Since the start of 2021, nearly 650 social workers out of a 4,300-person staff have resigned from their positions with the state. High caseloads, financial concerns and poor working conditions led many social workers to protest at the Kentucky Capitol last month, where they urged the governor to take action.
At a legislative committee meeting in November, social services commissioner Marta Miranda-Straub said the department had gone from “bleeding to hemorrhaging,” with a single social worker having to take on an average of 26 cases at a time. In Jefferson County, that amount is doubled.
“Our clients are in crisis,” she said. “[The department] cannot be in crisis at the same time.”

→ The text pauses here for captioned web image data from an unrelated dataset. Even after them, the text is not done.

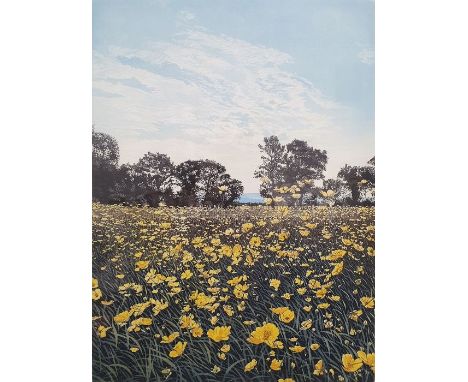 After Graham Evendon (20th century school)Coloured print artist's proof"Marsh Marigolds", signed and titled within margin, 42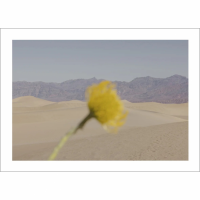 THE POSTER CLUB x  Nicole Mason | Desert Mirage | 50x70cm ȥץ/ȥݥ ̲ ǥޡξʲ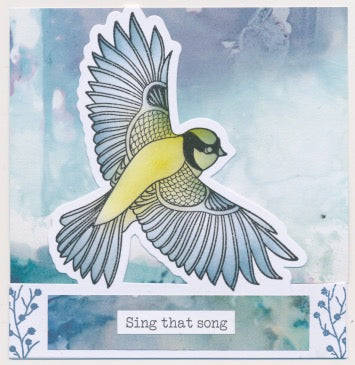 Slow Down with Clarity Cut Card Kit - Garden Bird Collection & Deluxe Book Box Storage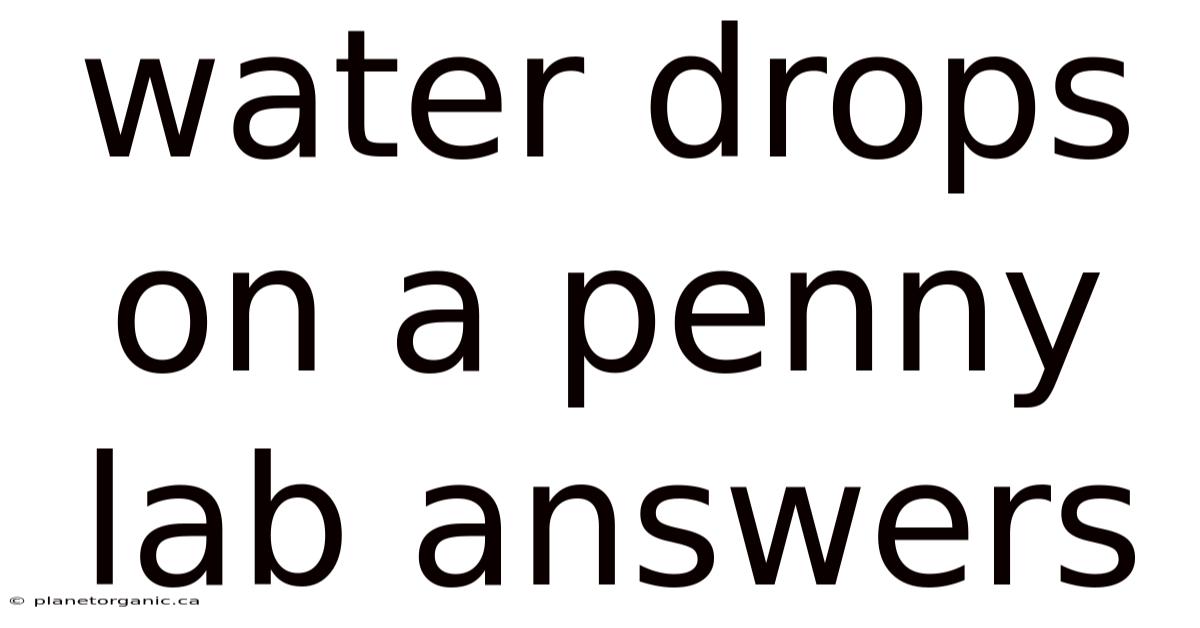 Water Drops On A Penny Lab Answers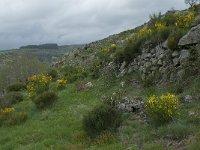 F, Lozere, Fraissinet-de-Lozere 7, Saxifraga-Willem van Kruijsbergen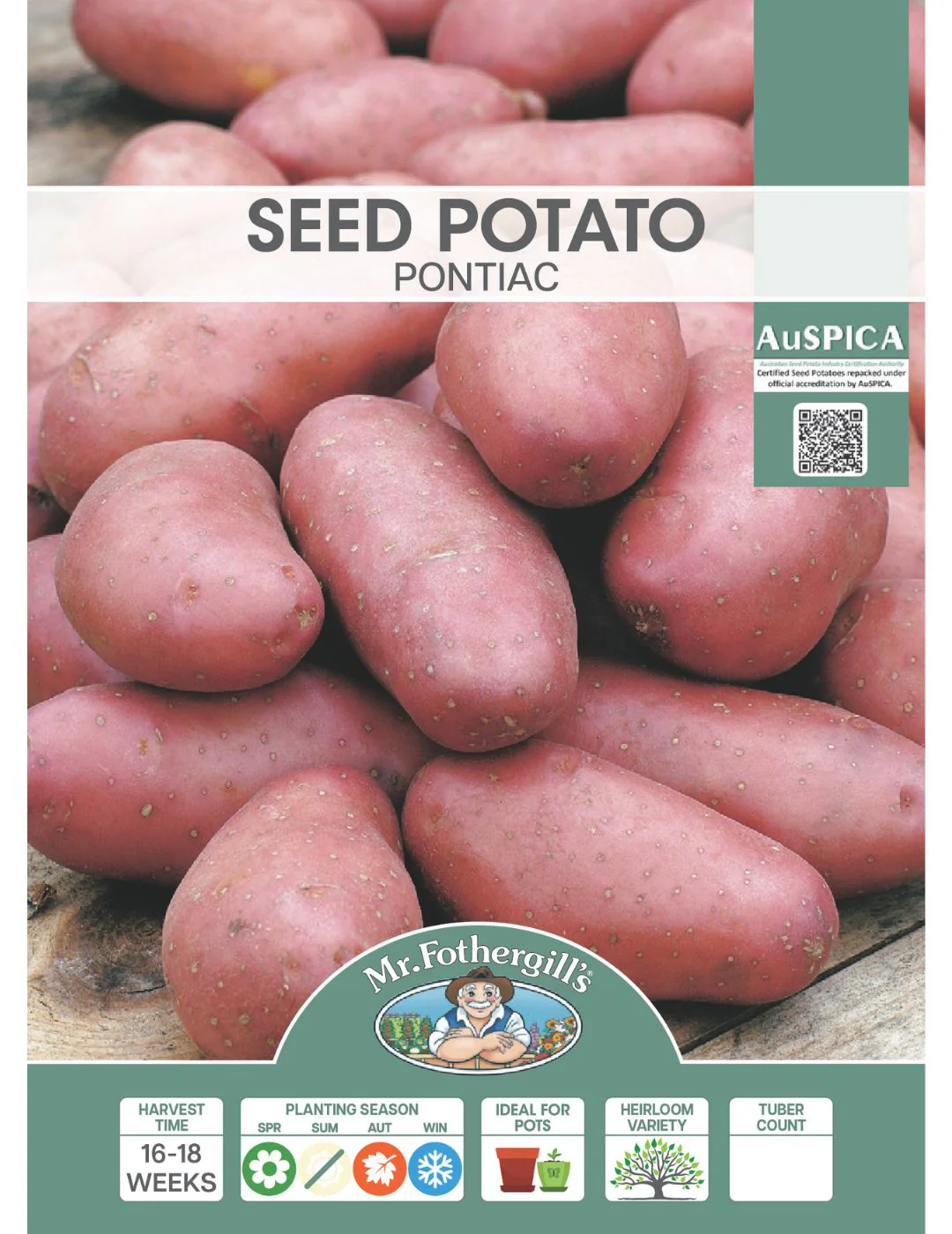 Potato Pontiac 500g Bag - Image 2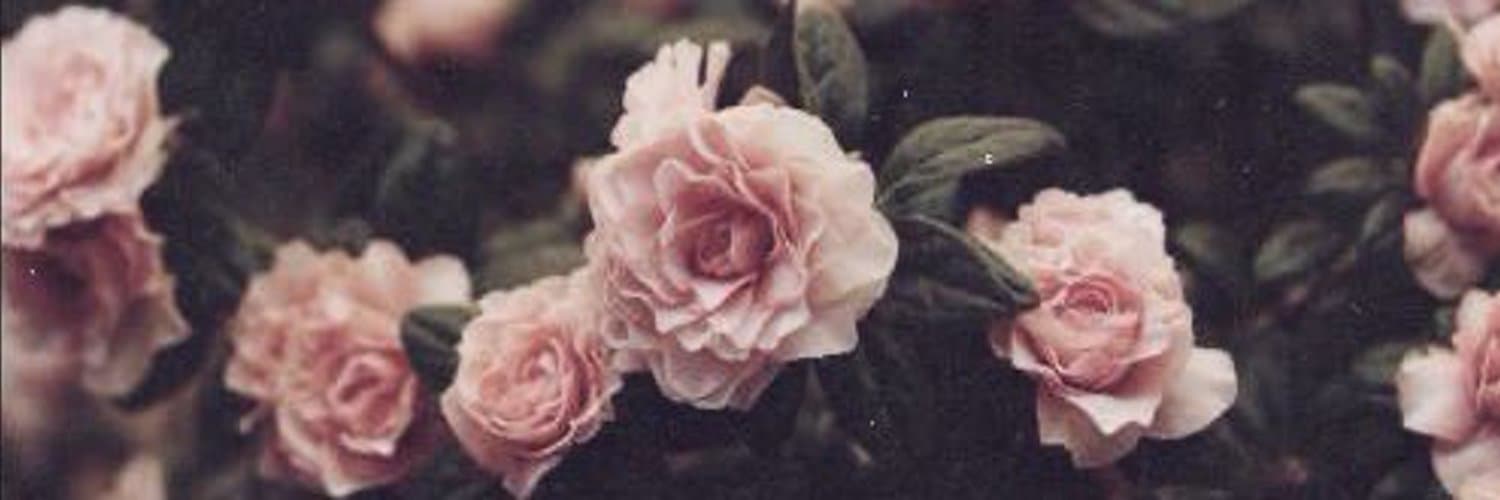 Amelia Mae banner image
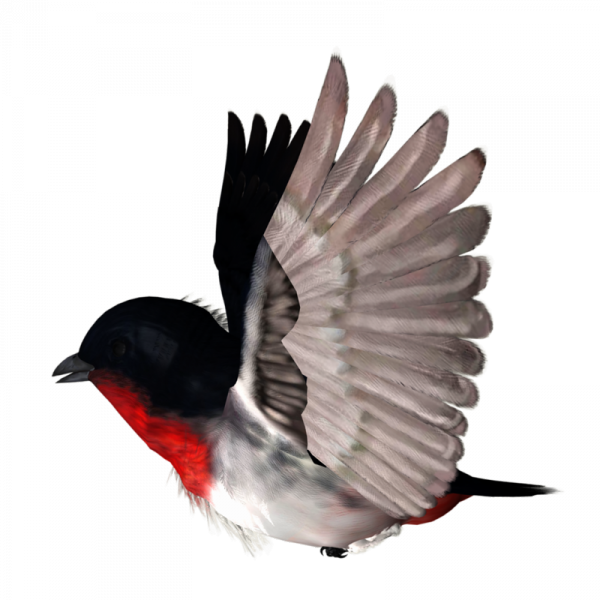 Bird Rook Clip Art - Bird Rook Clip Art (600x600)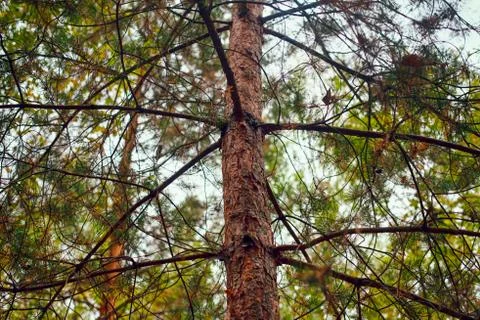 Close-up of pine trunk growing in the forest. Stock Photos
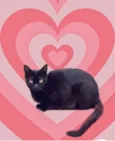 Peta 1aninho Linda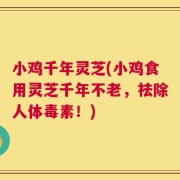 小鸡千年灵芝(小鸡食用灵芝千年不老，祛除人体毒素！)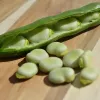 PNOS tuinboon Jankiel White zaden, 50 g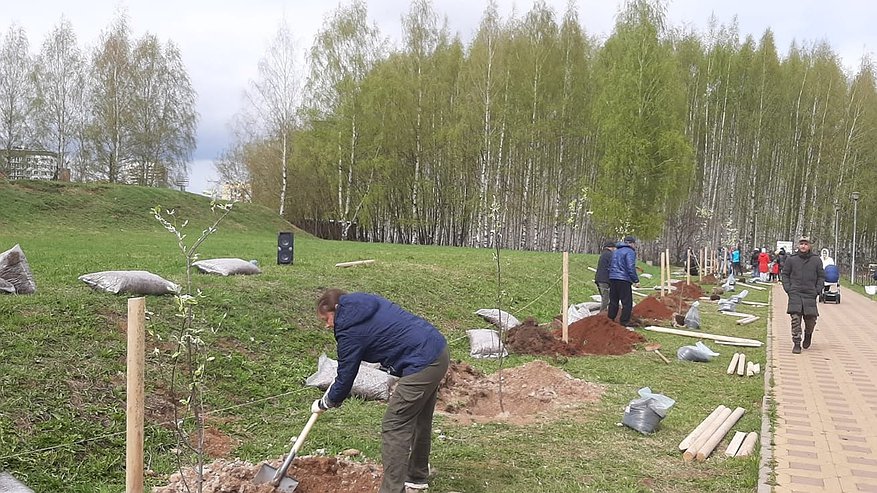 Главная картинка новости: На набережной Солнечного берега высадили аллею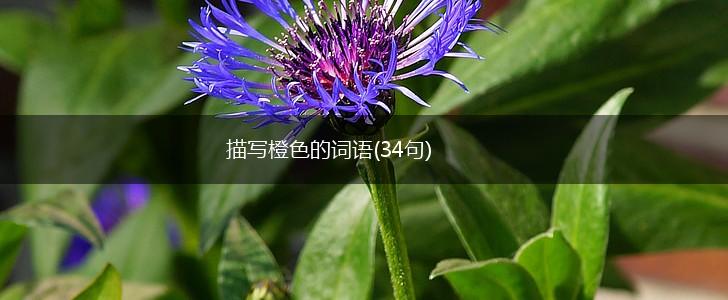 描写橙色的词语(34句),第1张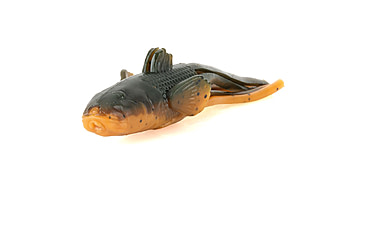 Image of Savage Gear Toughtec NED Goby Soft Bait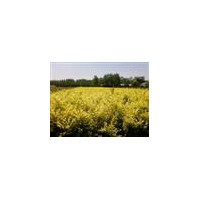 三分枝金葉女貞，紅葉小檗，蜀儈急售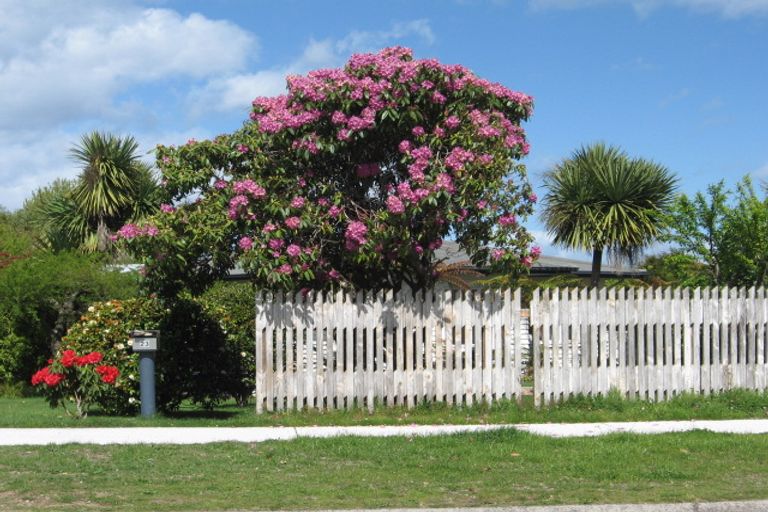 Photo of property in 23 Rimu Street, Taupo, 3330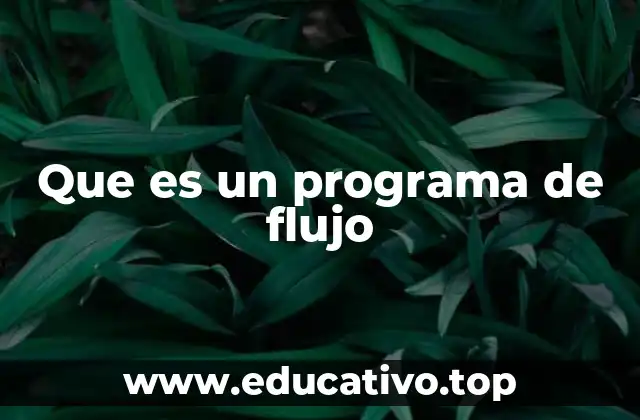 Que es un programa de flujo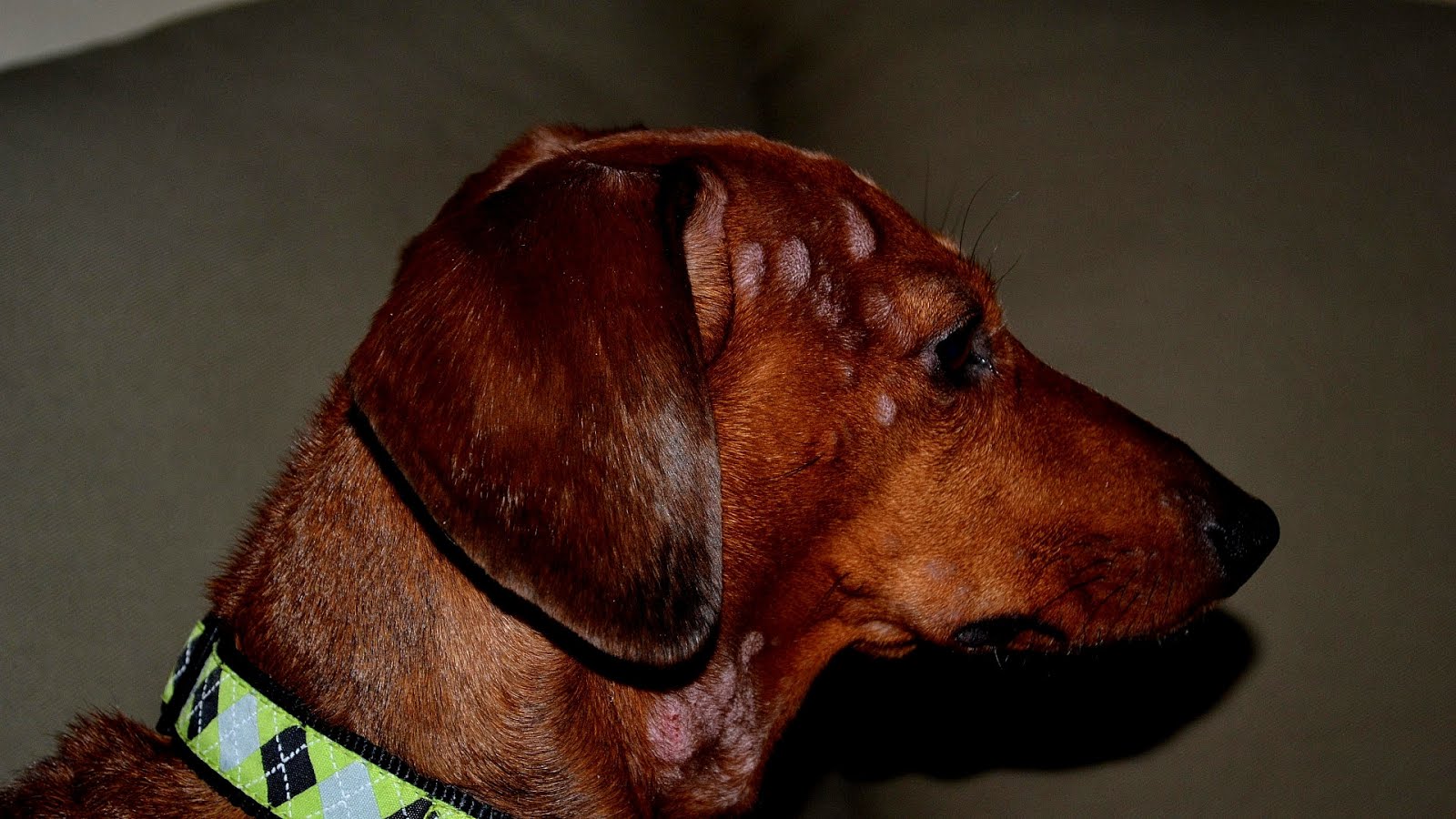 Peanut Butter Allergies In Dogs Allergy Allergy Choices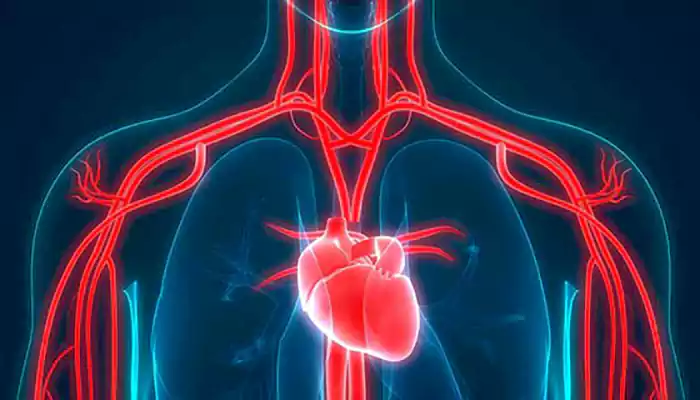 Tفت فشار خون تهدیدی برای سلامت قلب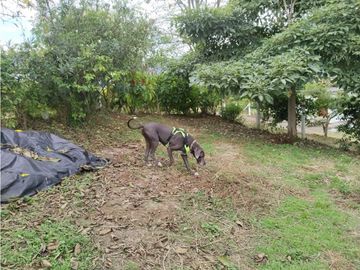 Casa de campo en venta / permuta - Santa Rosa de Tapias Guacarí Valle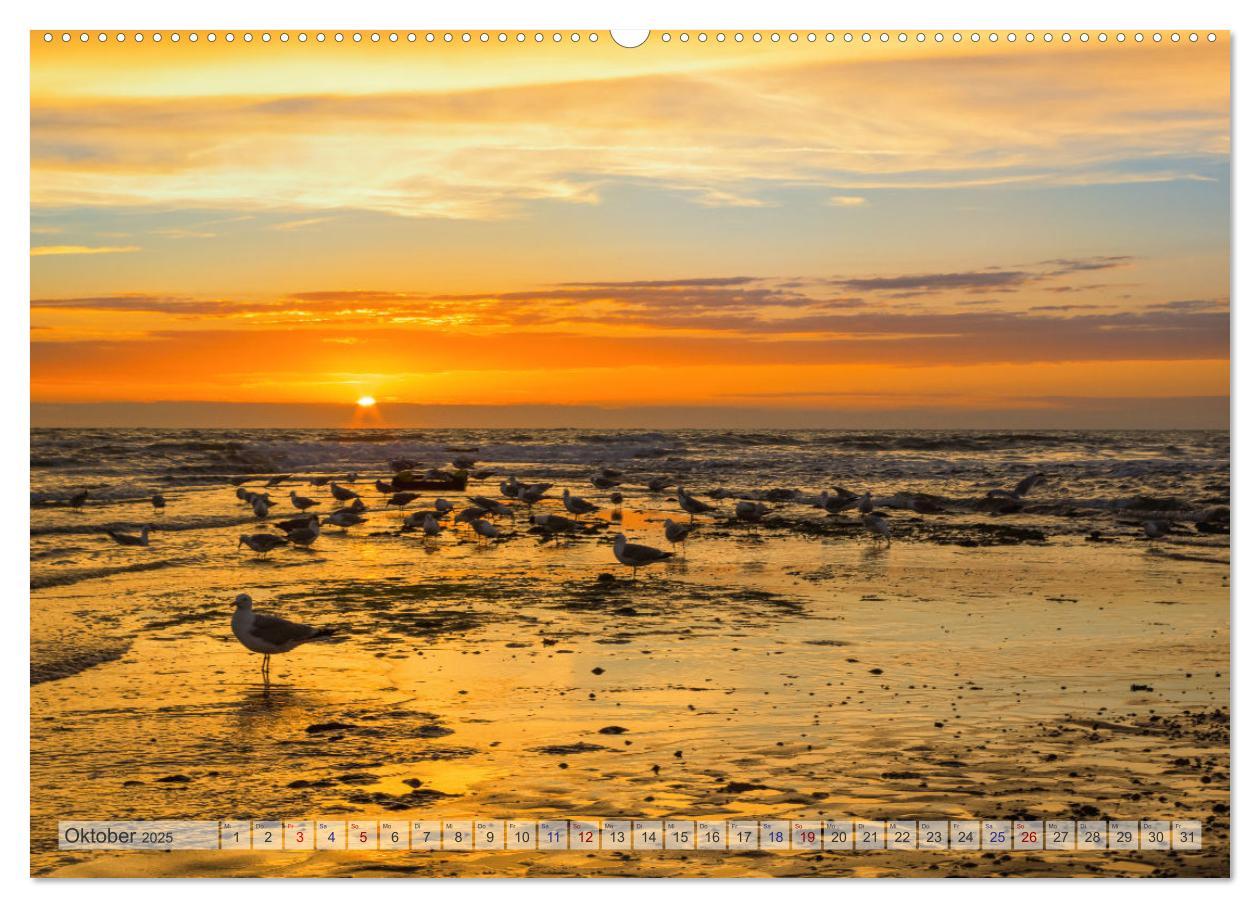 Bild: 9783435106264 | Texel - Kleine Insel, große Vielfalt (Wandkalender 2025 DIN A2...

In addition to the pay raise, Beshear said the Cabinet for Health and Family Services would immediately launch a pilot program to expedite the hiring process for social services employees. Qualified social workers and family support staff who apply will be hired within seven days. The state needs approximately 900 more social workers to get caseloads to a manageable level.
“We are in dire shape. And it’s gotten rougher every single day,” Beshear said. “We do not have the number of social workers we need for the vulnerable folks that need us.”
Beshear said he will also propose a student loan forgiveness plan for social service workers in the 2022 budget and will recommend that employees receive “hero pay” for being frontline workers during the pandemic.
Eric Friedlander, secretary of the Cabinet for Health and Family Services, echoed that sentiment, calling social workers “everyday heroes.”
“You’ve made a difference here,” he said. “You make a difference in the lives of every Kentuckians and you come in contact with. You do it as a part of your daily job.”
Shawnte West, a social worker from Jefferson County, said during the press conference that she appreciates the attention being given to the issue and hopes that the states will continue to take steps to protect and value social workers.
“Too often social service providers and staff interchange roles with those that we serve in receiving food stamps, cash, aid and medical assistance, just to keep our heads above water. And that should never be,” she said. “Thank you for this glimmer of hope today, to retain, maintain and build a workforce that loves Kentucky as much as we do.”